The Tomato

There are at least 5 active snowbanks outside Minto. Photo: Christine Wang.
Reading Time: 2 minutes

Roommates starting to lose hope, issue statement on disappearance

According to his roommates, Michael DiMarco had gone to Minto Sports Complex for an early morning workout and hadn’t returned.

One of his workout buddies, Paula Andreas, claims she last saw him by the weight machines, pumping iron and drinking his pre-workout. Another friend, Geoffrey Donoghue, says he saw Michael leave the Sports Complex and head home up the hill towards Sweetland avenue.

Rescue teams have now narrowed down DiMarco’s location to one of the many snow banks outside of Minto. His disappearance comes days after rescue attempts were made to help students trapped in the deep puddles of water outside of Tabaret.

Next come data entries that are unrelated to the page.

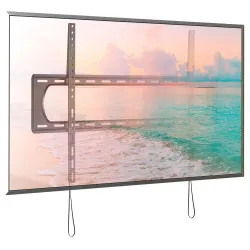 Uchwyt ścienny Techly do TV 60-120" LED/LCD 120kg slim | PartsPC.pl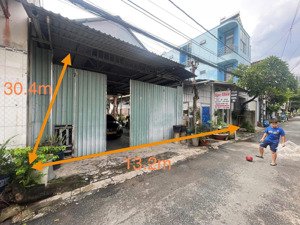 bán nhà lái thiêu 401m2, ngang 13.3m, có sẵn 1kiot và 8 phòng trọ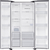Side-by-side холодильник SAMSUNG RS62DG5003S9UA - изображение 4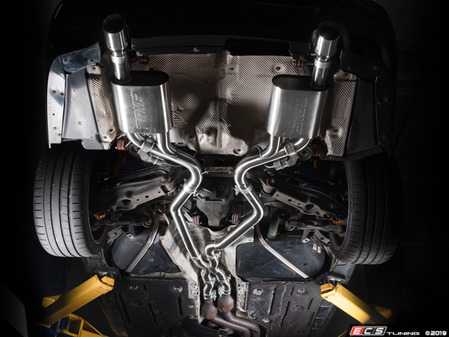 Turner Motorsports Valved Axle Back Exhaust - Eurosport Performance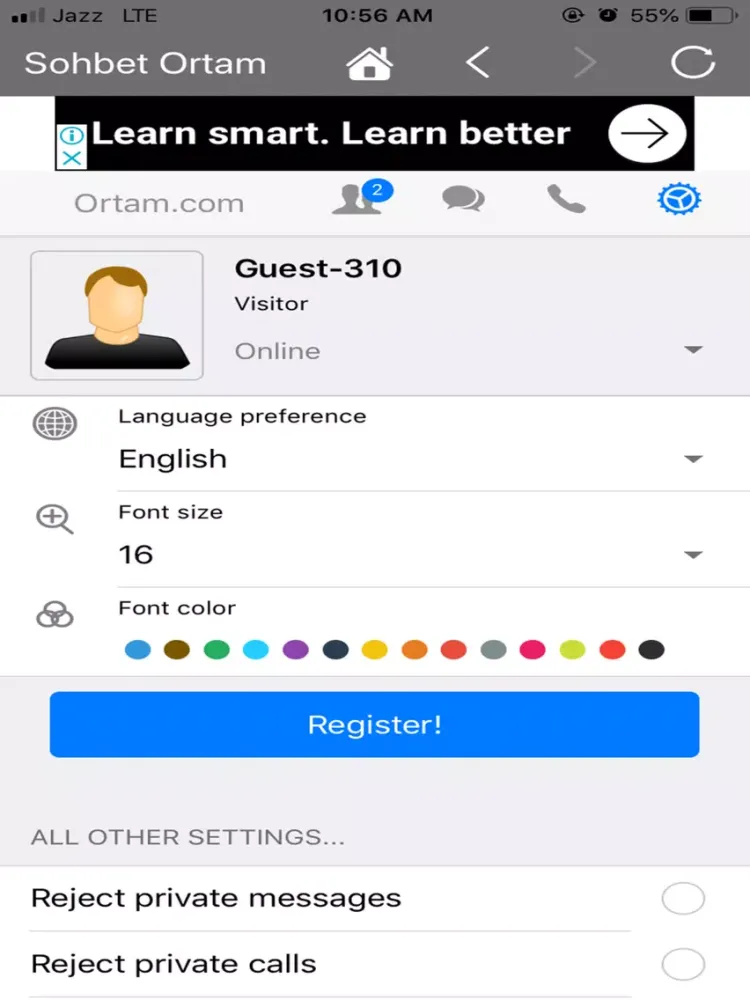 Voice Chat Rooms - Ortam iPad  سکرین شاٹس
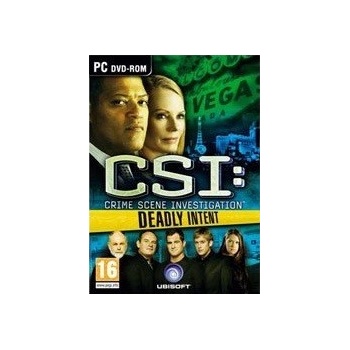 CSI Crime Scene Investigation: Deadly Intent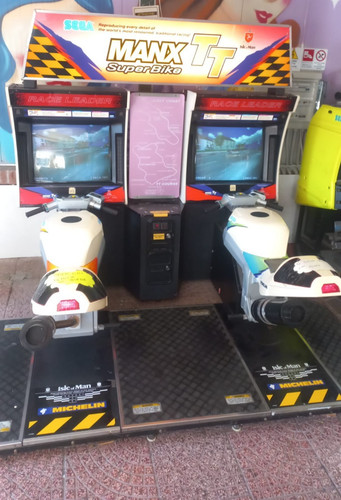 Sega manx superbike arcade - sega,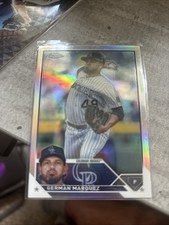 2023 Topps Chrome German Marquez Refractor #202 Colorado Rockies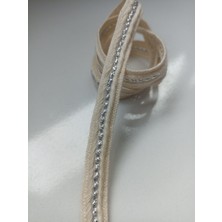 Onurteks Pamuk Simli Biye Şerit 1,2 mm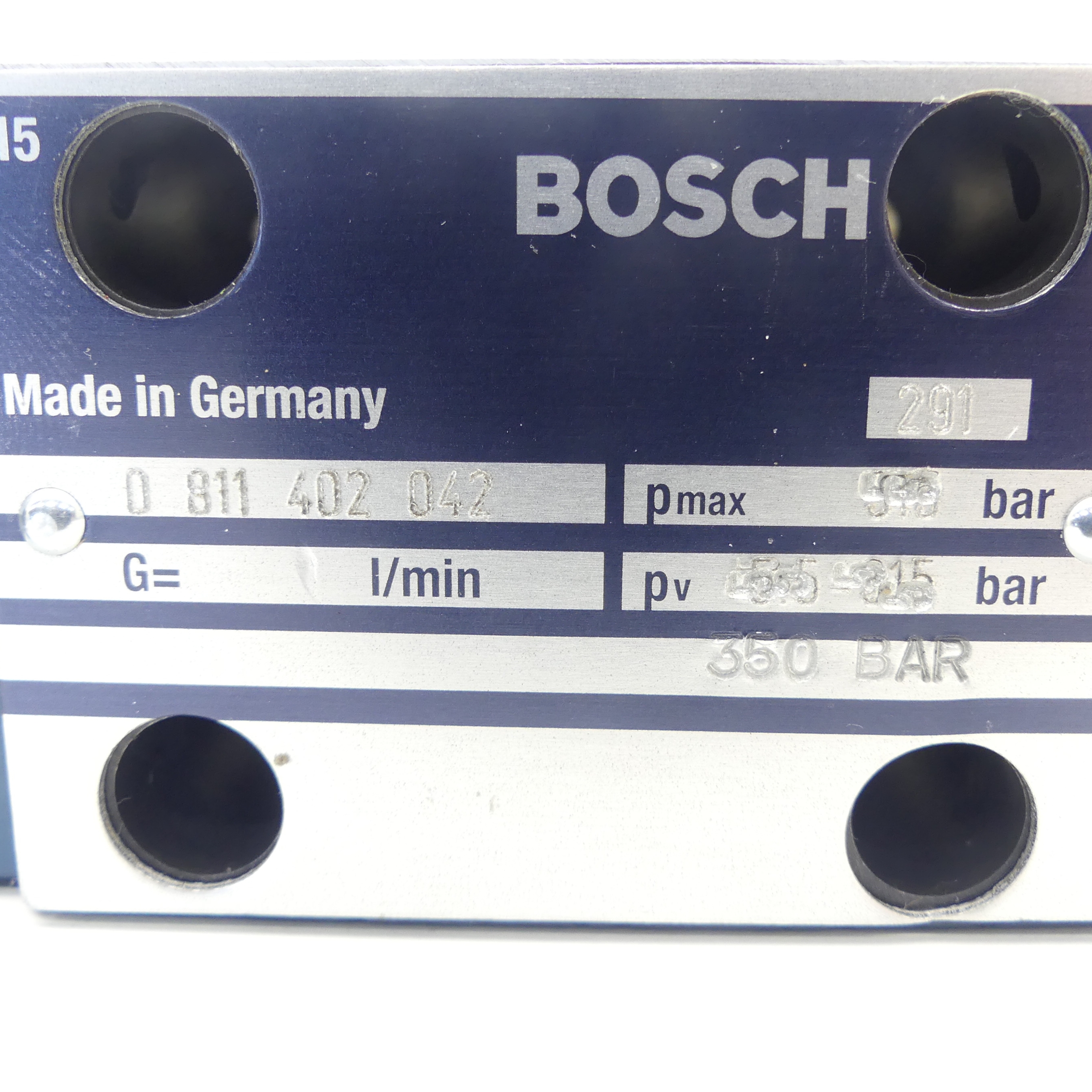 Pressure control valve 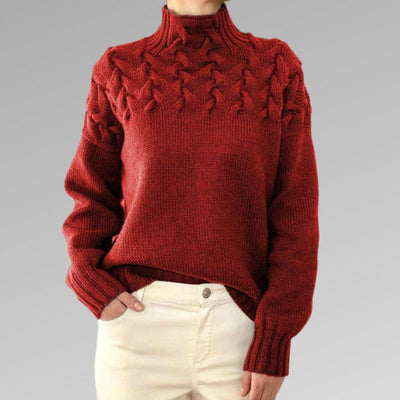 Jolene - klassisch hochwertig Pullover für Frauen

One of the members of the rescue team spoke with the Tomato. “Students returning home from classes in SITE had reported strange noises coming from the snowbanks outside Minto. They originally thought the source of the weird noises was an OC Transpo bus. But after closer investigation, we discovered the noises were coming from a snowbank.”

The noises are described as sounding like “obscenities towards snowplows, Ottawa, and weather in general” with “a sprinkling of crying.”

The search for DiMarco has entered it’s seventh day. Chuck Anderson, the rescue team lead, explained the difficulties with the rescue attempt.

“It seems as soon as we can get within a foot of the guy, another snow plow comes through and adds to the pile. Currently, the pile is about eightfeet tall, and that’s after having worked on it all morning.”

In addition, Anderson explains the team isn’t sure DiMarco is even in this snow pile.

“It’s our best guess, but we think there may be dozens of other students trapped in the other snowbanks around Minto,” he said.

“We’ve already found two other people, Georgia French, who immediately wanted a Beavertail, and Marcus Overton, who asked for a note excusing him from his midterms.”

DiMarco’s roommates have made a joint statement about his disappearance: “Michael, if you read this, we want you to know that Kelly drank all of your gatorade. She’s really sorry. Also, we sold your Xbox on kijiji.”

Anyone with information about Michael DiMarco’s disappearance, or snowbanks in general, are asked to call Chuck Anderson at 555-232 -1234.